An unfortunate turn of events happened with a source for my book,
which has greatly upset me. I sobbed over the issue continuously.
Writing a non-fiction is difficult, and painful to deal with when people
I thought I could trust or have come to rely upon are so afraid of an
idea, exposure, or attention that they ... Very sternly, two of my
sources, one being my own sister, denied permission to include the
stories about them in the book, neither of which were negative in
representing them. If I am to attain approval from every source I use,
this book will never be published. Really, though, this is what a
publisher and editor is for. I should not concern myself with
permissions just yet. I need to just get it done. Still, the source I
lost connected me to a greater spiritual community whom I cannot help
but feel outcast from now. My search for spiritual belonging stumbles
yet again.
I asked desperately for help,
feeling doomed to walk forever the boundary dividing the two sides,
incapable of faith enough to distinguish between good and evil, too
paranoid to believe. All I can remember of the answer that night was
following male friends, including my partner Jim among them, into a
swimming pool for some simple fun and games. One of them in the water
asks if I would like to try the game now. I am familiar (in the dream
only) of a game he and I had made up and meant to test at some point and
the opportunity had presented itself. Jim hopped out and kept going
with the other two males, laughing and being rowdy like young men ought
to. Jim has us, his family to care for and a full-time job, he rarely
has such old fashioned fun to match his age. I enjoyed seeing him full
of life. When I initially jumped in the water the mechanics of swimming
were unusual. I adjusted gradually with slow strokes. The steering was
sluggish and delayed like I was controlling my body by remote.
Anyway,
best I can understand it was the dream, in spite of the sadness and
confusion stirring in my consciousness, showed me simple relief by means
of distraction in fun. Quite a surprise to me upon waking. I thought to
myself "Really? Your answer is 'me swimming in a pool'?" Obviously I
don't get my dreaming yet. I didn't belong with the big names so close
to Disclosure. I will not be part of that grand unveiling. Perhaps I do
belong perpetually walking the line in-between so I can provide insight
either way to either party. I speak for the minority, and the meek, the
oppressed, whoever/whatever that side is. My side is upholding values of
justice and compassion as an individual law, not associated to any
organization or grouping that would identify itself as in anyway
separate from others. I am an individual and I am part of the entire
whole. I protect my flock, those I have personal relationships with, not
virtual. This is why family is so important, or whomever you consider
family.
I haven't emphasized enough how
disorienting the content of my dreams can be from what I recognize as my
deepest realities and understandings.
The
depiction of me playing the role of 'the girl in red' in two sequential
dreams (in answer simply to the questions "Who am I? What is my
purpose?" ruminates in my thoughts. Connotations of the color, how the ones fighting and the male choir singing saw me challenge the intent behind my walk.

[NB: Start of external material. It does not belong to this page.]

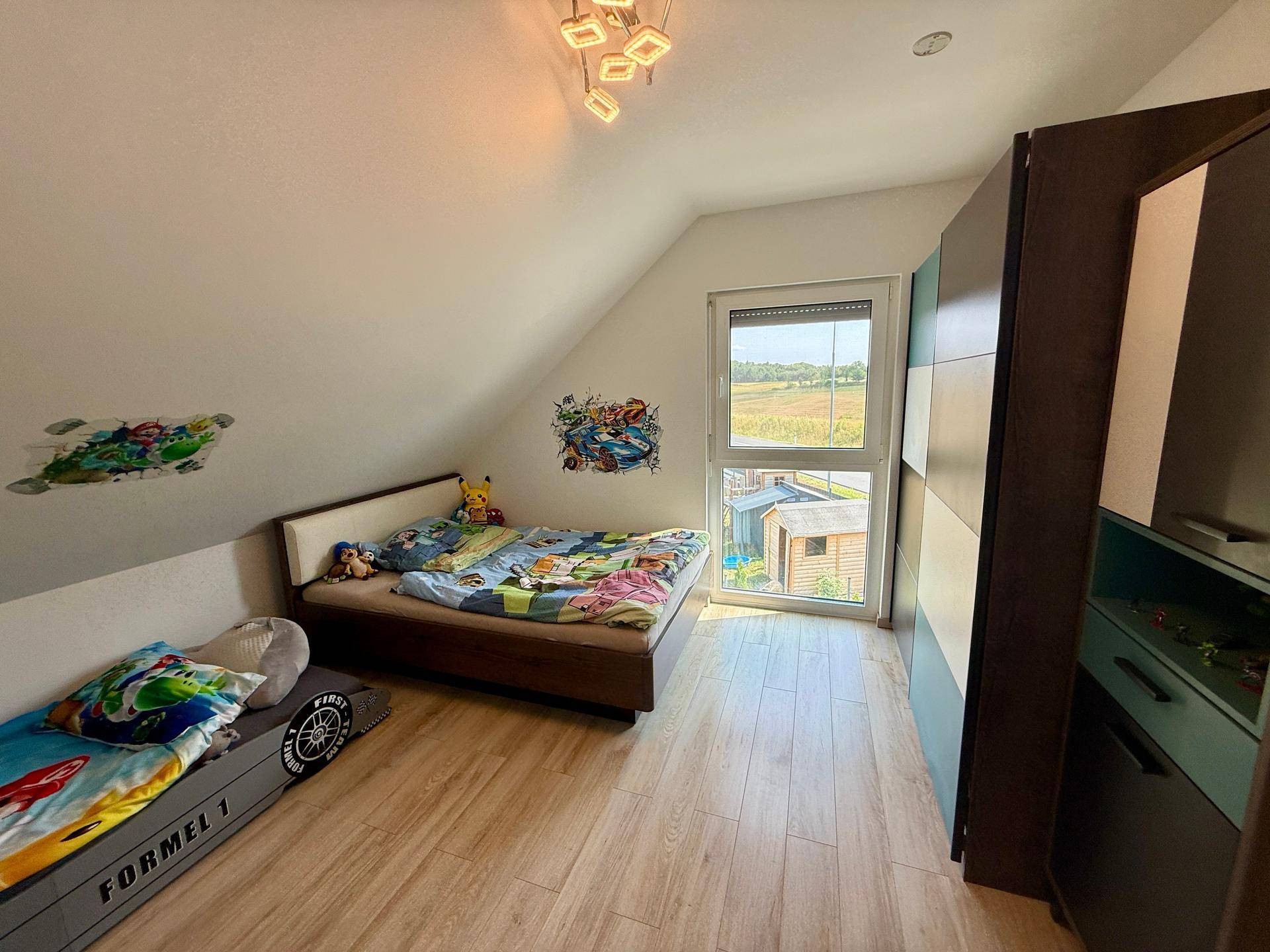 Freundliches Kinderzimmer mit Bett, Kleiderschrank und Blick ins Freie.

I was quietly opposing their aggression and possessive actions by
slowly taking the stage with a soft song and bowed head that splits a
path through the chaos. This does represent me. But why would I be in
red (though I was not actually wearing red, it was just described as the
title of my role)? Red is my least favorite color, and though I teach
music now to private lessons, I still deny that I am a singer.
Performing still unnerves me (as it forever will I imagine). That which I
least prefer of what I could possibly do will be the best way I can
contribute?
My neighbor recently described me as
'tender,' a word I have never considered of myself. And 'tender' was
exactly who the person in that role was. This is where I am at my best,
yet my least preferred because it is vulnerable and shows physical
weakness. It is a place of humility.
I will learn to accept and love this expression of myself. Perhaps it is time I understand though that I am not an angel. I should stop comparing myself to an alien standard.